Readers Respond: The U.S.’s white supremacist character has long claimed lives on its own land and abroad. Evangelical leaders on the religious right who’ve subscribed to a white nationalist agenda advance the violence in racist terror attacks, immigrant hostility, and exclusionary policies.
White Nationalism. White Supremacy. White Power. (by Jim Wallis)
These are words that white people — particularly white Christians — don’t like to talk about, don’t like to see and hear, want to put in the past, want to dismiss as applying to only a few white people, and refuse to see as systemic, structural, or still deeply embedded in our American history and national culture. Certainly, then, they don’t want to acknowledge these combined forces as the greatest terrorist threat now to America’s safety, and the greatest political threat to genuine democracy around the world.

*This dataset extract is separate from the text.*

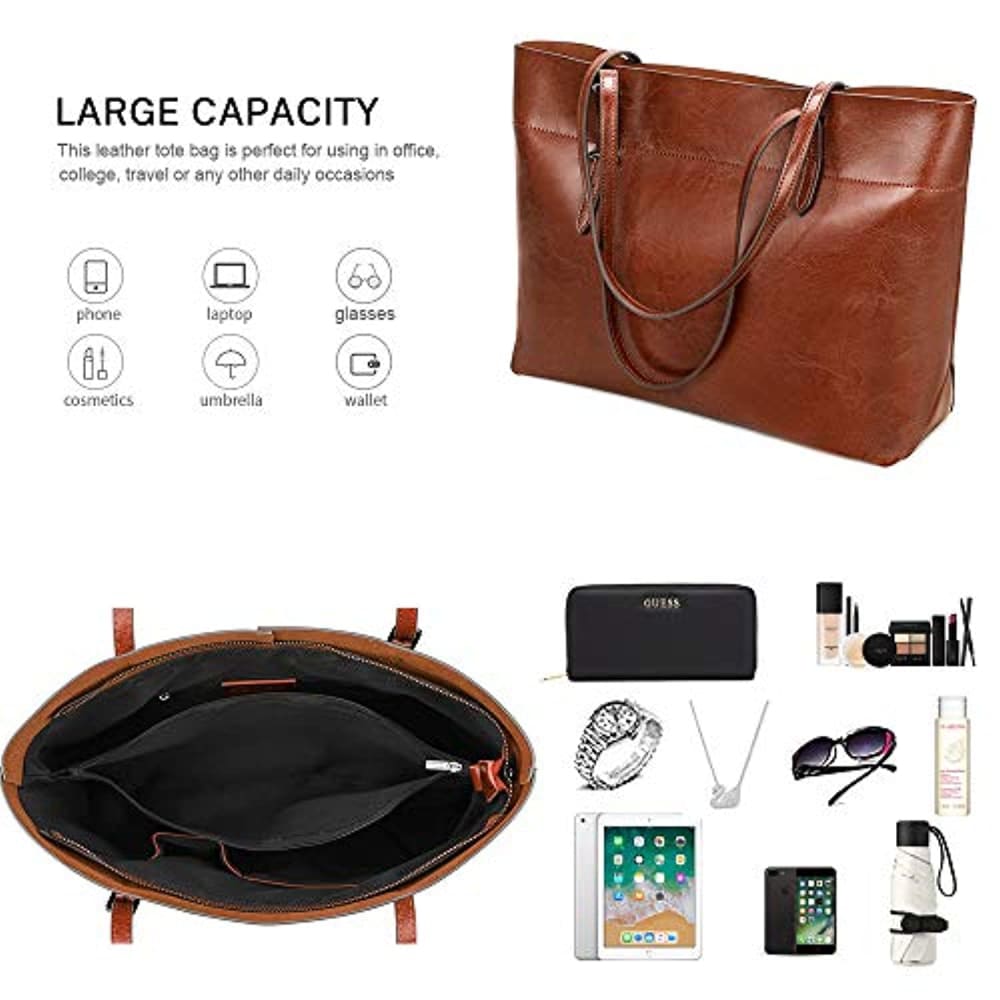 Kattee Vintage Genuine Leather Tote Shoulder Bag for Women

That is the heart of our problem.
From Oklahoma City to Charleston to Charlottesville to Pittsburgh’s Tree of Life Synagogue to Christchurch, New Zealand, to Norway and other places in Europe, white nationalism and the white supremacy underneath it is a movement — and a growing one. White power has historically killed untold numbers of people and is still killing people today. It’s the most rising terrorist threat: white people who believe that their exclusive power and superiority is being taken away by the growth of more inclusive democracy.